Slow server response times & timeouts
Incident Report for Uptick
Postmortem

On Monday 21st October, 2019 we experienced heavily degraded server performance across some of our enterprise customers.

The outage lasted approximately 2 hours, with servers responding erratically and returning intermittent 502 errors over the duration.

The issue was caused by one of our cloud database servers, relied on by our high-volume customers, becoming overloaded and unable to respond to higher-than-usual traffic. Our monitoring systems failed to report any anomalies, which meant it took us longer to diagnose and identify the cause of the degraded performance.

We’ve substantially upgraded the resources available to this database server which has restored operations.

We will immediately investigate our monitoring system and put in place measures to prevent this type of failure from happening again in the future, as well as implementing a higher level of isolation, to prevent issues of this nature from manifesting as broadly.

To those affected, we apologise for this significant window of downtime/degraded performance, and we’ll be contacting you directly with followup measures and apologies.

Thank you for your patience,

Posted Oct 21, 2019 - 13:00 AEDT

Resolved
All systems operational. Stay tuned for a postmortem, running through specifics of the recent outage.
Posted Oct 21, 2019 - 12:44 AEDT
Monitoring
Servers appear to be running smoothly again now, we'll continue monitoring more closely for the next hour.
Posted Oct 21, 2019 - 11:38 AEDT
Identified
We're performing an emergency database upgrade now.

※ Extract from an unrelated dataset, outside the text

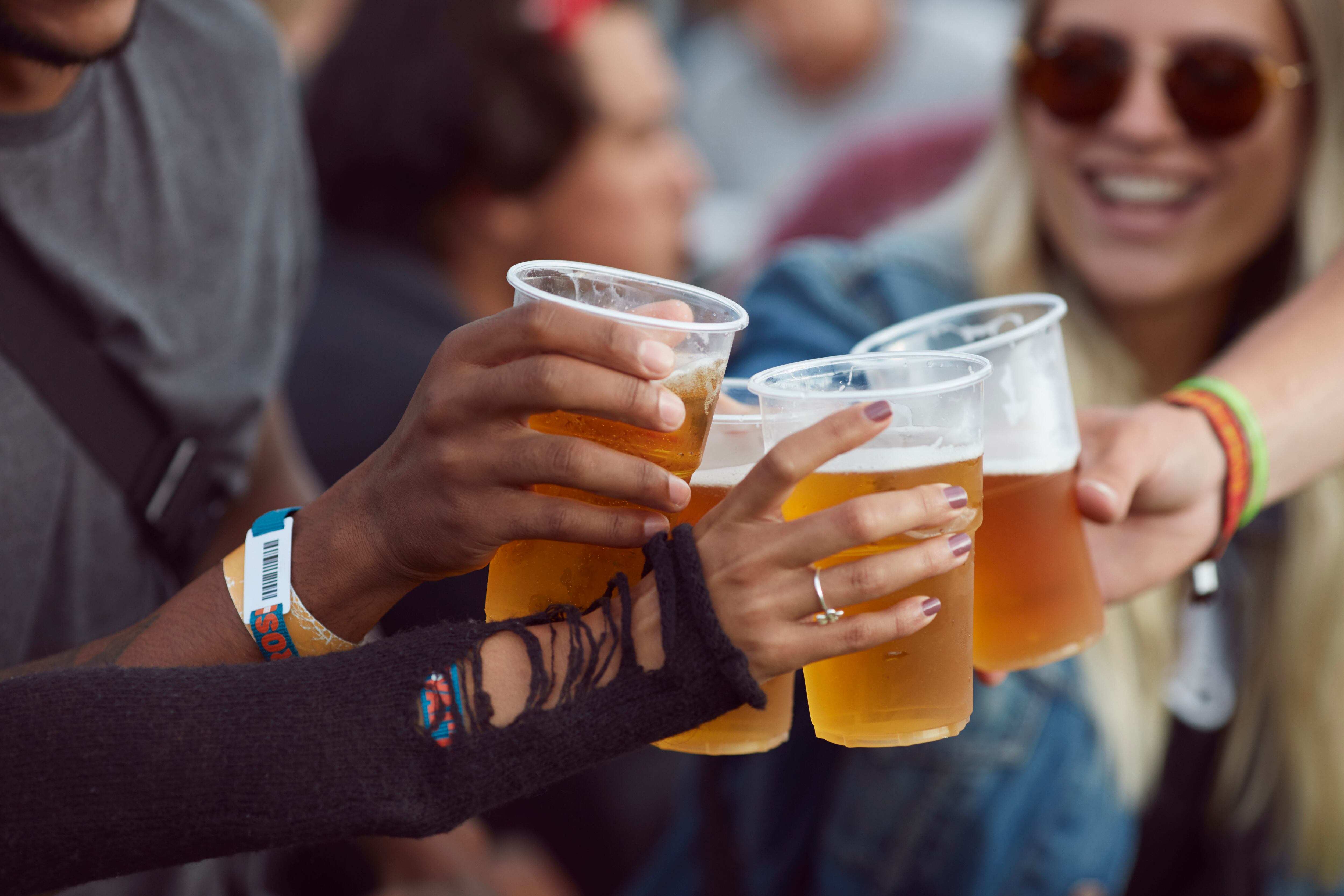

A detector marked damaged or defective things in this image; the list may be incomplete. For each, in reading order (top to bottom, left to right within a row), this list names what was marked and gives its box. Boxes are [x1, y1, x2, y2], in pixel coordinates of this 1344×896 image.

There will be complete server downtime for affected customers for several minutes. We'll be back soon.
Posted Oct 21, 2019 - 11:32 AEDT
Update
We are continuing to investigate this issue.
Posted Oct 21, 2019 - 11:30 AEDT
Update
We believe the cause of this morning's outages is related to our database infrastructure, possibly linked to a routine maintenance upgrade that occurred over the weekend. We've applied some fixes, and are seeing some improved performance, but we're continuing to investigate.
Posted Oct 21, 2019 - 10:49 AEDT
Update
We are continuing to investigate this issue.
Posted Oct 21, 2019 - 09:52 AEDT
Investigating
We're experiencing some shaky server stability this morning. Looking into it as a matter of urgency. Will keep you posted!
Posted Oct 21, 2019 - 09:52 AEDT
This incident affected: Uptick Web, Uptick Mobile App, and Uptick Customer Portal.